Revoir Two Weeks in Another Town

Publié le 31/03/2022

DR

C’est quoi, faire un film ? Telle pourrait être la seule question qui vaille pour un metteur en scène. Quand il s’appelle Vincente Minnelli (à quand une exposition ou une rétrospective sur ce géant du cinéma ?), que l’on est dans les années soixante et qu’il s’interroge lui-même sur sa capacité de création, ça donne le bijou qu’est Two Weeks in Another Town (Quinze Jours ailleurs). L’autre ville, c’est Rome.

Le meilleur film de Kirk Douglas ? Kirk a enchainé les grands rôles. Ici, il est d’une efficacité redoutable dans le personnage de Jack Andrus, un acteur qui sort d’une cure psychiatrique et qui vient à Rome où, Kruger, un metteur en scène (joué par un autre géant, Edward G. Robinson) tente de tourner un film. Kruger est cerné de toutes parts : des acteurs mauvais selon lui, une femme (Claire Trevor) qui le fait tourner en bourrique mais qui a de bonnes raisons de lui en vouloir, un producteur qui ne lui concède pas un jour de plus de tournage… Comment faire donc un film, un vrai ? Il n’y a pas que Kirk. Le générique est éblouissant : la souveraine Cyd Charisse (doublée il faut le dire en VF par Jacqueline Porel), Rosanna Schiaffino est excellente dans le rôle de Barzelli et George Hamilton, alors au début de sa carrière, est déjà plus qu’une promesse.

La crise du cinéma américain. C’est le propos du film. Il est sorti en 1962 aux États-Unis et un an plus tard en France. Minnelli, qui tourne ici lui-même à Rome, filme le cinéma qui est en train de se faire, ou plutôt de se défaire. À cette époque, les productions viennent s’installer à Cinecittà, reconstruite, qui attire fiscalement et financièrement les machines hollywoodiennes. Les producteurs deviennent moins regardants sur la qualité des scenari et des dialogues, arrimés à leur prévisionnel qui exige aucun dépassement. Le dialogue entre Kruger et le producteur est succulent.
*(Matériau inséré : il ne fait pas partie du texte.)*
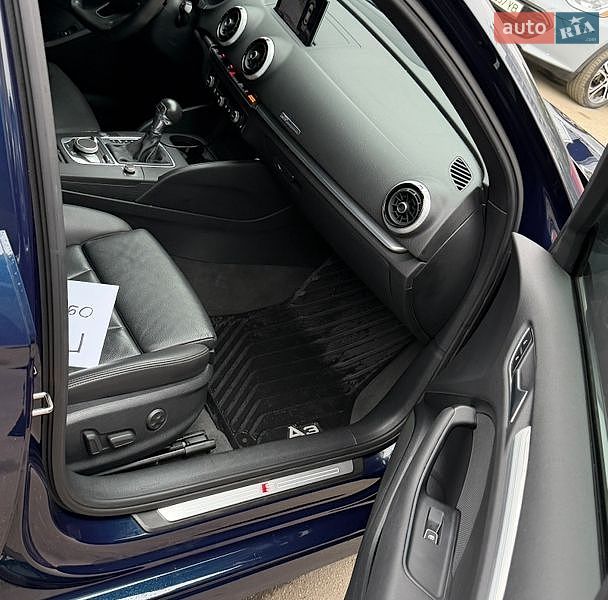 Седан Audi A3 2016 в Киеве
Le film est « minnellien » : élégant, plein de classe, soigné dans les décors comme dans le tournage en extérieurs, des dialogues au couteau, une histoire solide, des personnages crédibles, un générique de rêve… N’oublions pas la musique de David Raskin.

La fin du cinéma ? Minnelli insère dans son film des scènes des Ensorcelés, film qu’il avait tourné avec Lana Turner et un certain… Kirk Douglas. Les Ensorcelés était sorti dix ans plus tôt. Ce long-métrage parlait déjà du monde du cinéma et de ses difficultés. Film dans le film, mise en abime, Minnelli s’interroge des années après, en questionnant sa propre création. Jack Andrus regarde ces extraits avec nostalgie. On n’est pas sur le thème « c’était mieux hier », mais plutôt comment en est-on arrivé là ? En 2002, Hollywood Ending sort sur les écrans. Signé par Woody Allen, qui évoque à son tour le sujet d’un metteur en scène face aux affres de la création et de la machine hollywoodienne. Chose amusante, on retrouve 40 ans plus tard George Hamilton dans le film d’Allen.

Un an à peine après le film de Minnelli, un certain Jean-Luc Godard avait sorti Le Mépris, l’un des autres plus beaux films sur le cinéma en train de se faire ou de se perdre. Minnelli disait encore son espoir. Godard annonçait la fin. Ça ne l’a pas empêché de continuer de tourner des films.